*WHAT IS BEING ASKED:*
For the data below, restate word for word only the lines from the line containing "Wall Mural - young" through the line containing "Black leatherette mini", both ends included.

..............................

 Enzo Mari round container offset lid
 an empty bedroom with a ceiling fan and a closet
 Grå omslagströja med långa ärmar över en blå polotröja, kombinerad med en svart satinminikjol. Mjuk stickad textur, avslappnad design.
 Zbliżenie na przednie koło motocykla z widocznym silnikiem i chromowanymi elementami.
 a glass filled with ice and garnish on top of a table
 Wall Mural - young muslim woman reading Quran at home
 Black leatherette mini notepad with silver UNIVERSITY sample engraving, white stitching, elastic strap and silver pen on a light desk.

..............................

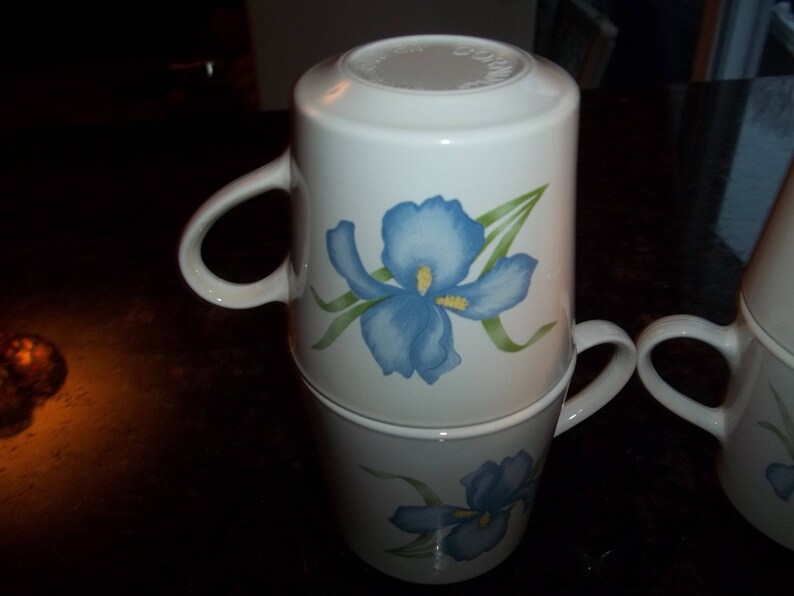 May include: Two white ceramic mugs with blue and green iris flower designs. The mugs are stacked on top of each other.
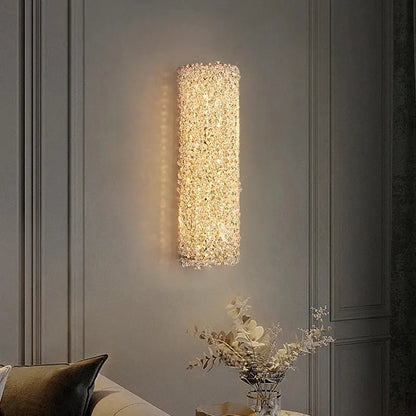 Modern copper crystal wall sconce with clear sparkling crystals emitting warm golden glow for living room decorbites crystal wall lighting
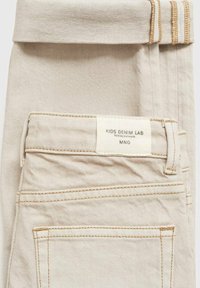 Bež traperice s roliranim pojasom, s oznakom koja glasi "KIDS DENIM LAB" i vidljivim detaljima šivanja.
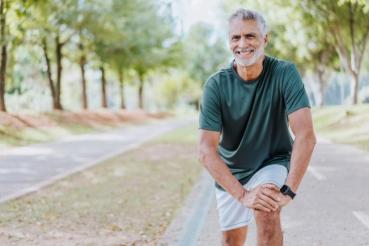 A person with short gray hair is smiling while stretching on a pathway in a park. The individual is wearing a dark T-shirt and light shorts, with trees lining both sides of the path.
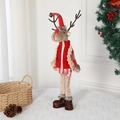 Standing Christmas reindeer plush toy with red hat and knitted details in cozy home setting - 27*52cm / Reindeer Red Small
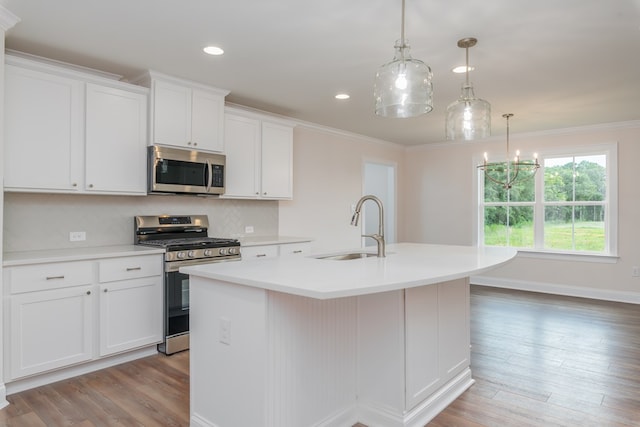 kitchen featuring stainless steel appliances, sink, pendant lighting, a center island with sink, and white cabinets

..............................

*EXERCISE OUTPUT:*
 Wall Mural - young muslim woman reading Quran at home
 Black leatherette mini notepad with silver UNIVERSITY sample engraving, white stitching, elastic strap and silver pen on a light desk.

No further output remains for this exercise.